**EXERCISE BRIEF:** Copy the data below exactly. Any pictures in it should be omitted.

**AVAILABLE DATA:**
------------------------
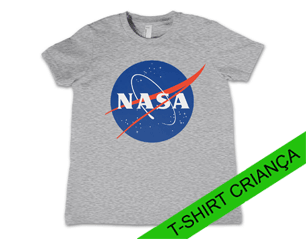 NASA insignia logo/grey KID TS
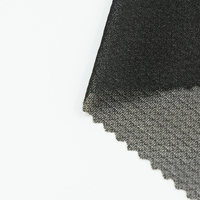 Tissu d'entoilage tissé fusible tricoté circulaire de tissu de polyester d'approvisionnement d'usine 100%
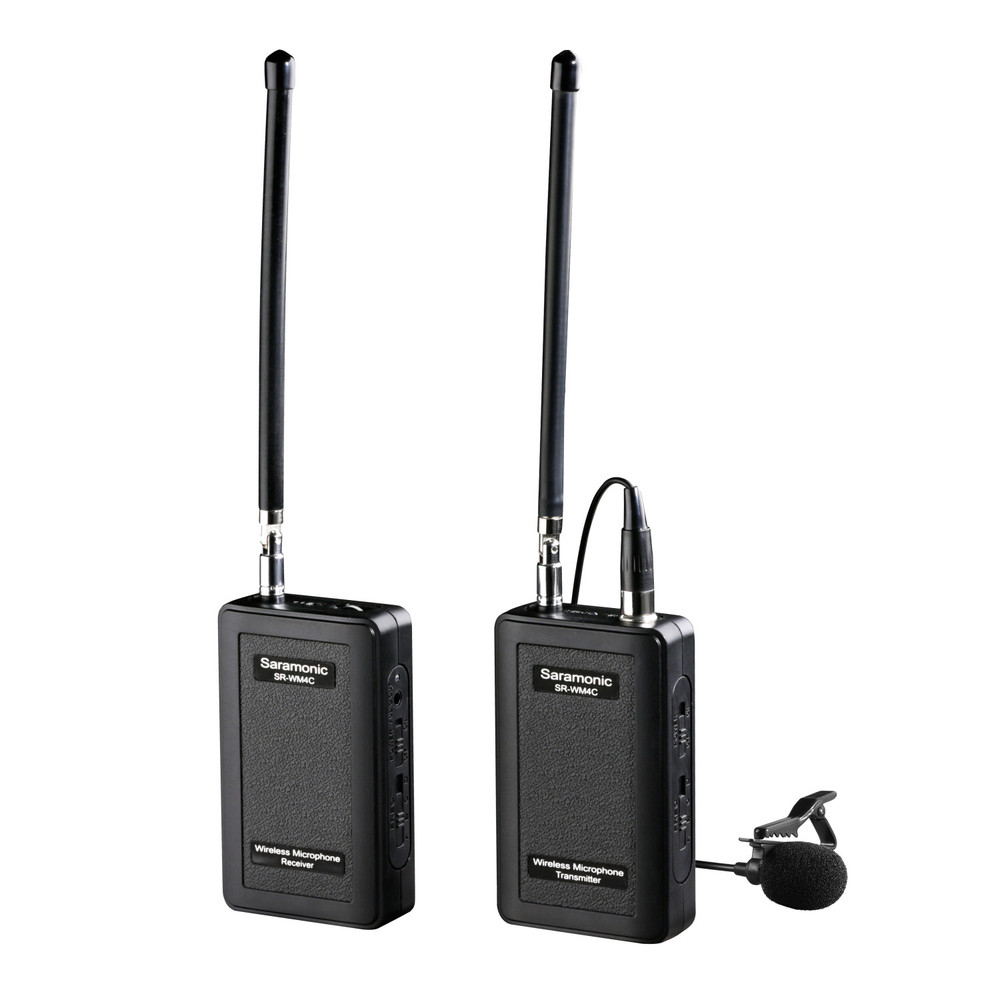tuwudns700qfh68asko1__68253 SARAMONIC SR-WM4C VHF Wireless Lavalier Microphone System - Image 1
------------------------
**TASK ANSWER:**
 NASA insignia logo/grey KID TS
 Tissu d'entoilage tissé fusible tricoté circulaire de tissu de polyester d'approvisionnement d'usine 100%
tuwudns700qfh68asko1__68253 SARAMONIC SR-WM4C VHF Wireless Lavalier Microphone System - Image 1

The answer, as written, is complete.